The most important thing to the couple was a “family vibe,” the wife says. “I wanted it to be elevated, but also homey.” Simon’s first step in this balance was ensuring the furniture worked with the architectural details. To anchor the round entrance hall, for example, Simon chose a hefty concrete pedestal table and fluted stool in statuary white, echoing the space’s shapely outlines. Veins of glamour also run through the special occasion areas, “which we made more polished—literally—by adding metals and mirrors,” she notes. Stainless steel chairs in the dining room as well as a glossy velvet tufted sofa and oversize mirror in the living room infuse the abode with luxurious touches.

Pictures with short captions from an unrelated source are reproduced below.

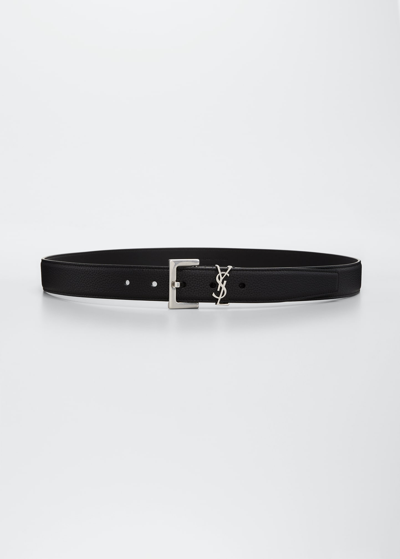 Shop Saint Laurent Ysl Grained Leather Belt In Black
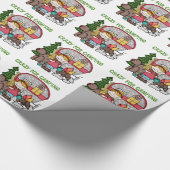 Blondes Mädchen verrückt für Camping Geschenkpapier (Ecke)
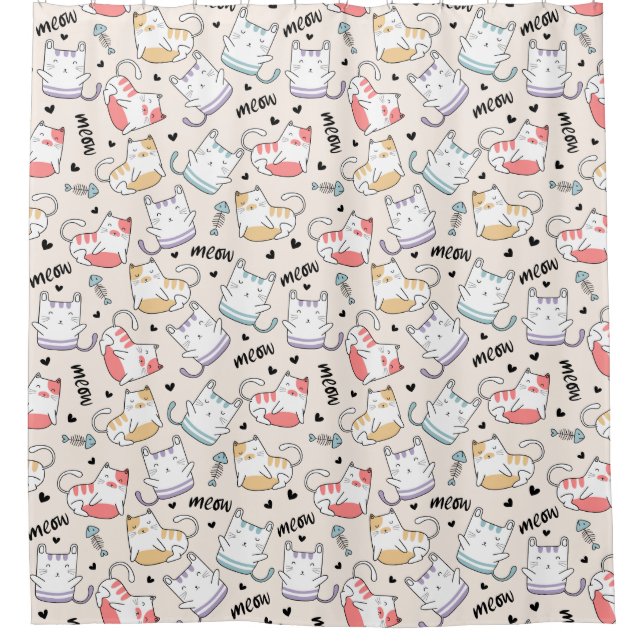 Adorable Cat Pattern Shower Curtain (Front)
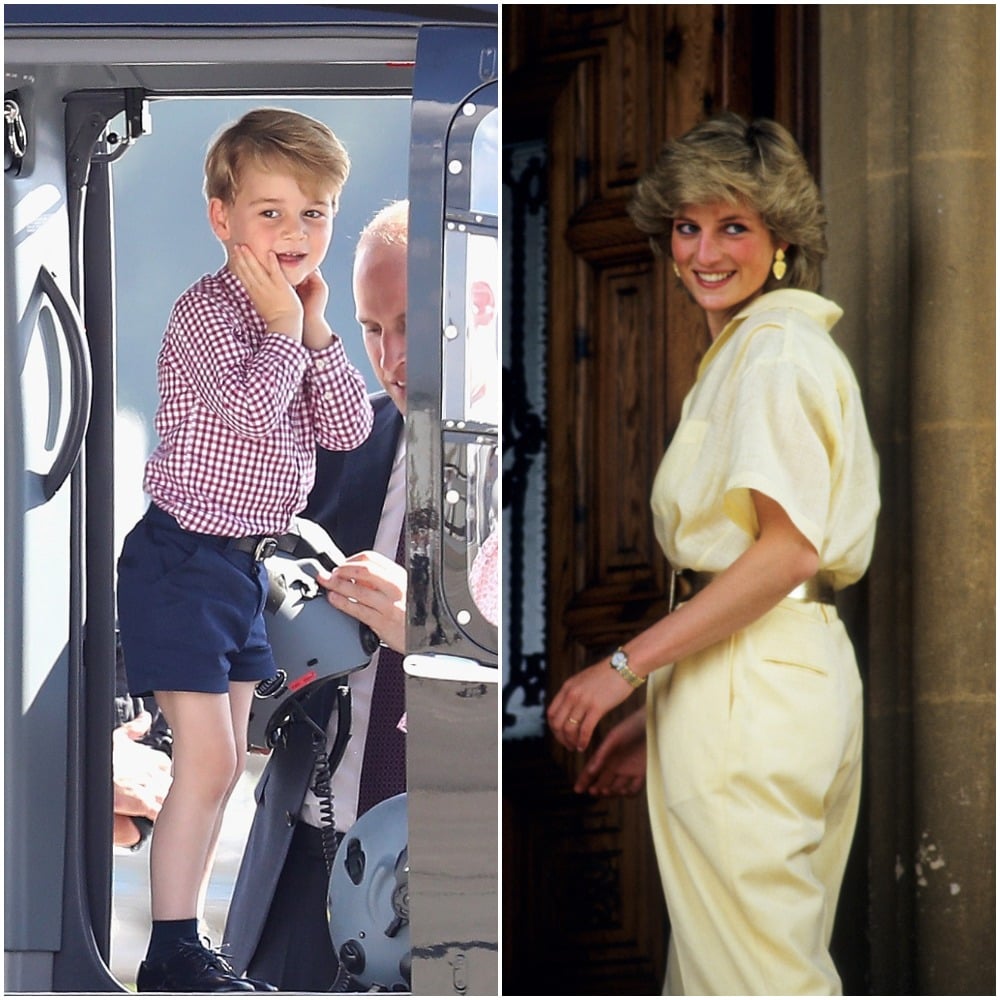 (L) Prince George, (R) Princess Diana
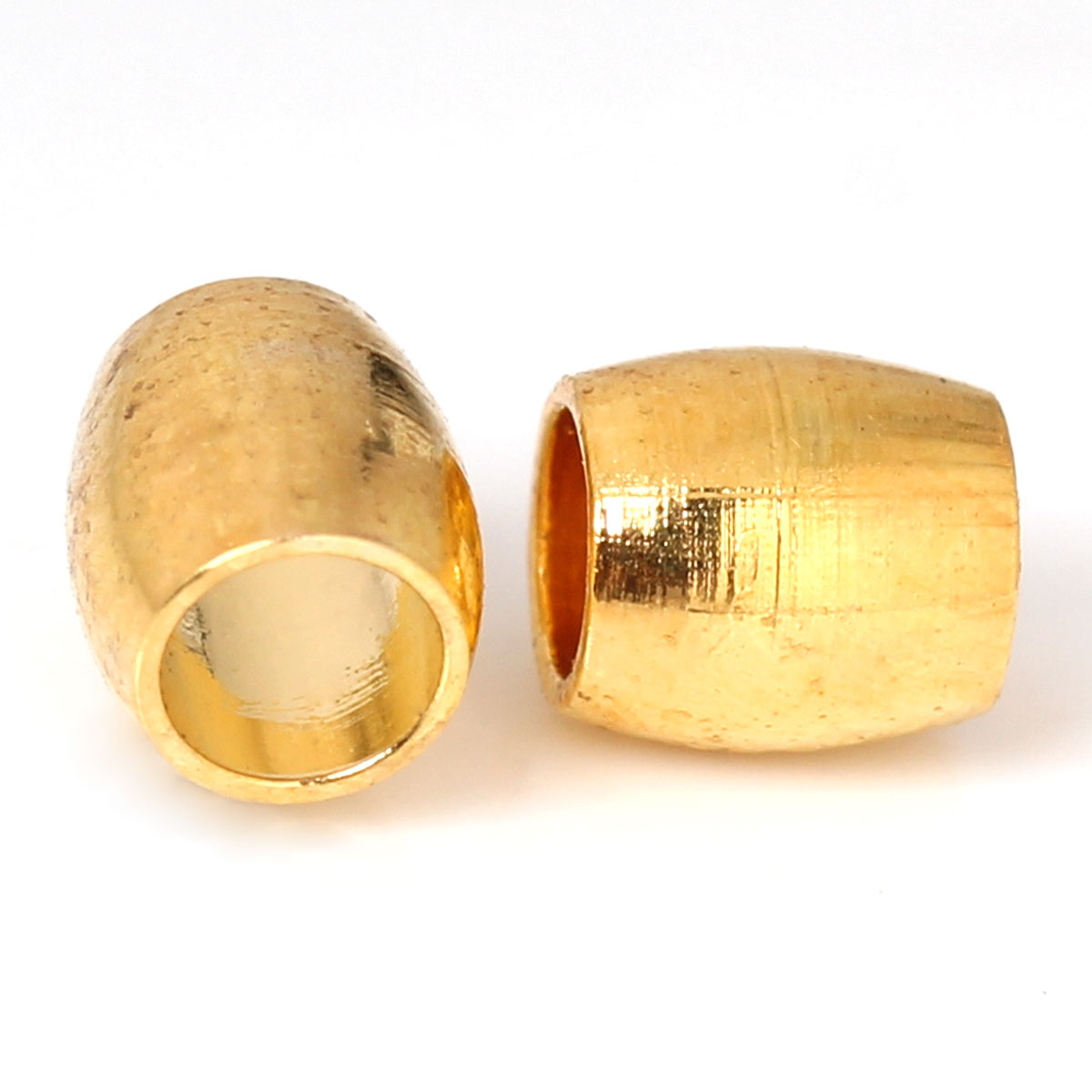 真鍮 メタル/金属 スペーサ ビーズ バレル 金メッキ 約 4mm x 3mm、 穴：約 2.3mm、 100 個 の画像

For more informal areas, like the family room and breakfast nook, Simon favored streamlined versions of classic shapes to “achieve that mix of modern and traditional,” the designer explains. But she incorporated understated textures for a more relaxed atmosphere, such as the deep-seated sectional covered in nubby bouclé and the custom oversize coffee table made from salvaged Douglas fir. Those finishes “really ground the space in warmth,” she says. Swivel armchairs and ottomans also offer dynamic seating options, adaptable for both quiet family nights and large weekend gatherings with friends. “In our projects, we always like to include pieces that can be easily moved around wherever an extra person needs to join a conversation,” Simon notes.

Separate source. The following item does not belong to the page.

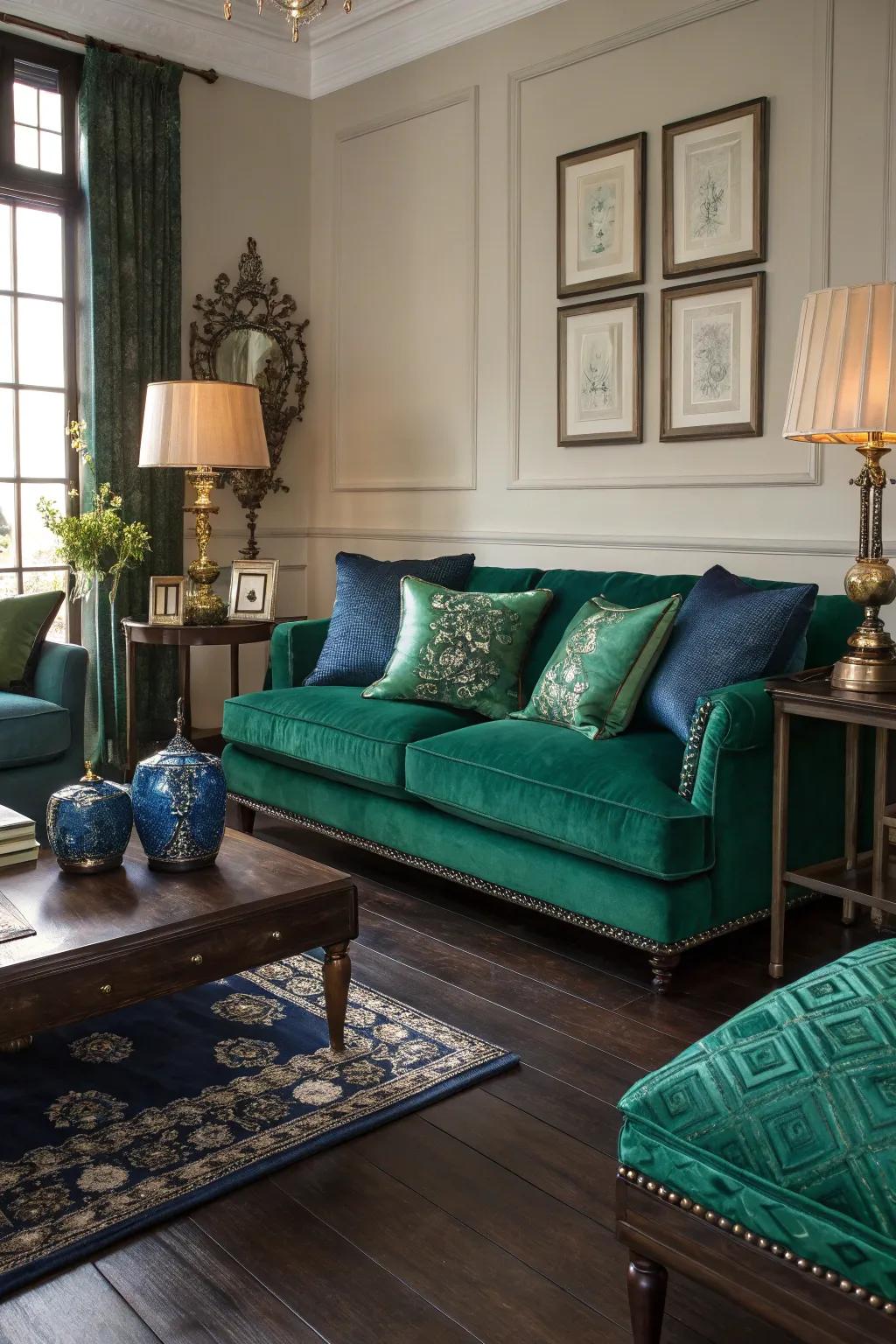 Jewel tones bring a sophisticated edge to a living room featuring dark wood floors.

Though the clients were open to wandering outside their comfort zone, they did have one major request: “They wanted a really quiet color palette, so the spaces would feel airy,” Simon says. The muted tones marked a notable departure for her team, known for their bold strokes of color. “But we liked the challenge,” the designer adds. “We kept everything fairly light, with creams, whites, taupes and beiges throughout.” The lone exceptions were reserved for personal gestures, like the framed sports uniforms in the media room, including the couple’s letterman jackets from their early days as high school sweethearts. Of course, rooms in varying shades of white don’t naturally seem child-friendly, but Simon focused on integrating durable performance-quality textiles, weathered woods and hardy metals so “they could live in their home without feeling like it’s a burden,” she says.
Away from these central gathering areas, Simon made sure to cultivate more private, personal niches. Layered in mirrored finishes, velvet throws and lush drapes, the main bedroom “feels like a retreat,” the wife notes. “I go in there and I feel at peace.” The couple particularly enjoys brief moments of quiet in the bedroom’s sitting area, which showcases a curvaceous loveseat “that seems almost made for that space,” the designer says. Meanwhile, the children claim their own domain in the whimsical playroom, where Simon commissioned a hand-painted tree mural, reinforced climbing wall, and custom dollhouse mimicking the dwelling’s colors and textures. “The wife always talks about how much the kids miss that space when they’re away,” Simon shares. “It’s one of the first places they run to when they come home.”
The designer never lost sight of the fact that the clients would frequently leave this house for long sojourns. Distance would only concentrate their longing for home and deepen that precious moment of return as they reunite with family and friends. “And that’s my favorite part,” Simon says. “It’s so rewarding to know that you’re creating spaces that are not only functional, but also make them feel good and represent who they are.”